For files larger than 10MB, the component automatically displays a warning suggesting data sampling for faster analysis.

Error Handling¶

The component handles various error cases gracefully:

Empty files: Shows clear error message
Invalid CSV format: Displays parsing error
Encoding failures: Tries multiple encodings before failing
File read errors: Returns file object but None for dataframe

Example: Complete Upload Workflow¶

import streamlit as st
from lavendertown import Inspector
from lavendertown.ui.upload import render_file_upload

st.title("Data Quality Inspector")

# Upload file with enhanced UI
uploaded_file, df, encoding_used = render_file_upload(
    st,
    accepted_types=[".csv"],
    help_text="Upload a CSV file to analyze for data quality issues",
    show_file_info=True
)

if uploaded_file is not None:
    if df is None:
        st.error("Could not read the CSV file. Please check the file format.")
        st.stop()

    # Show success message
    st.success(f"✅ File loaded successfully (encoding: {encoding_used})")

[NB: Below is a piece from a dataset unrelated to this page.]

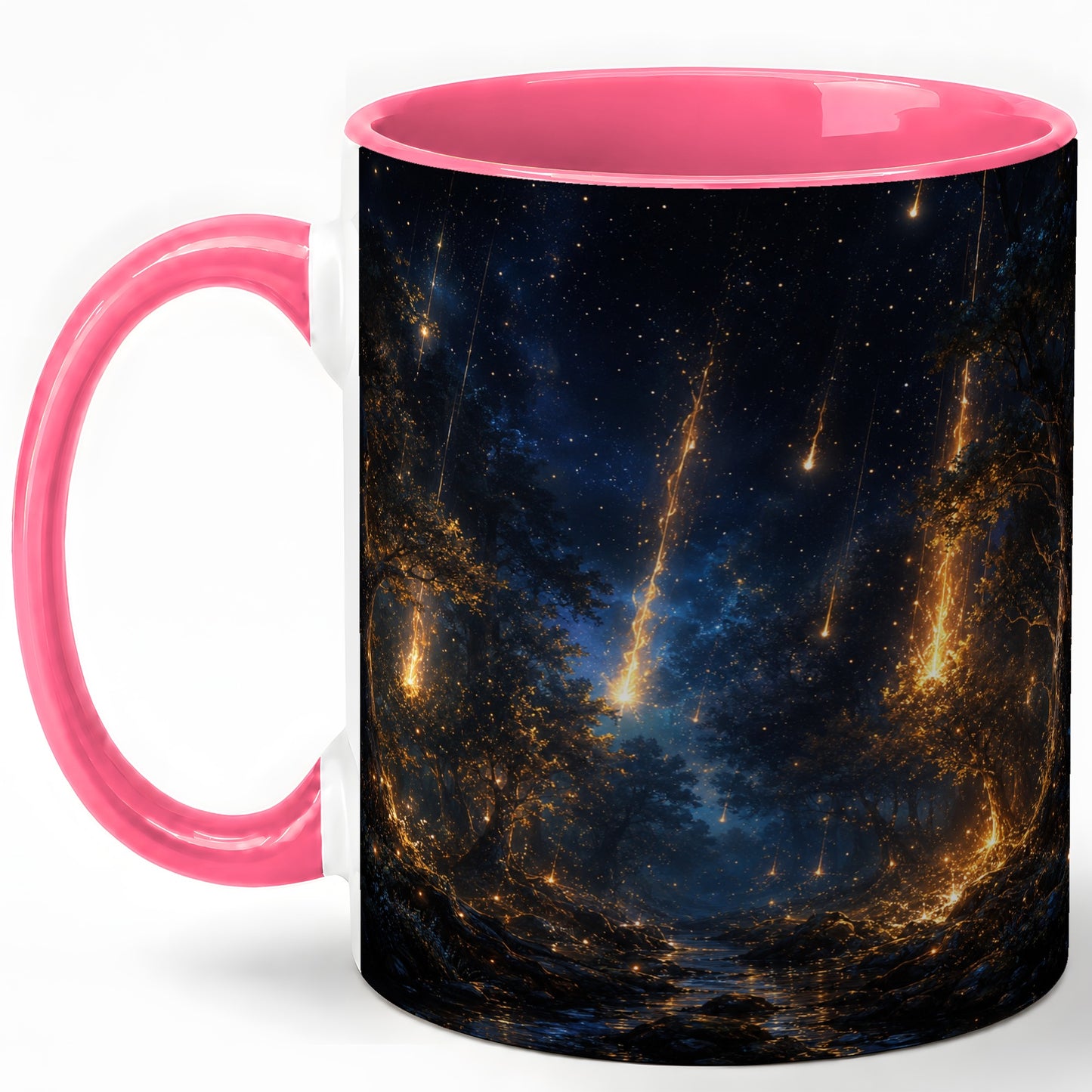 #pl[11oz|Pink] Meteor Shower Forest Ceramic Mug, Celestial Night Art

    # Display dataset preview
    st.header("Dataset Preview")
    st.dataframe(df.head(10))

    # Run inspection
    inspector = Inspector(df)
    inspector.render()
else:
    st.info("👆 Please upload a CSV file to get started.")

Integration with Inspector¶

The upload component is designed to work seamlessly with LavenderTown's Inspector:

from lavendertown import Inspector
from lavendertown.ui.upload import render_file_upload

uploaded_file, df, encoding_used = render_file_upload(st)

if df is not None:
    inspector = Inspector(df)
    inspector.render()  # Full data quality analysis

Styling¶

The component includes enhanced CSS styling for a modern dropzone appearance:

Dashed border with hover effects
Smooth transitions
Visual feedback on file selection
Consistent with Streamlit's design system

Performance Considerations¶

Small files (<1MB): Near-instantaneous processing
Medium files (1-10MB): Fast processing with progress feedback
Large files (>10MB): Shows warning and suggests sampling

For very large files, consider implementing data sampling before analysis.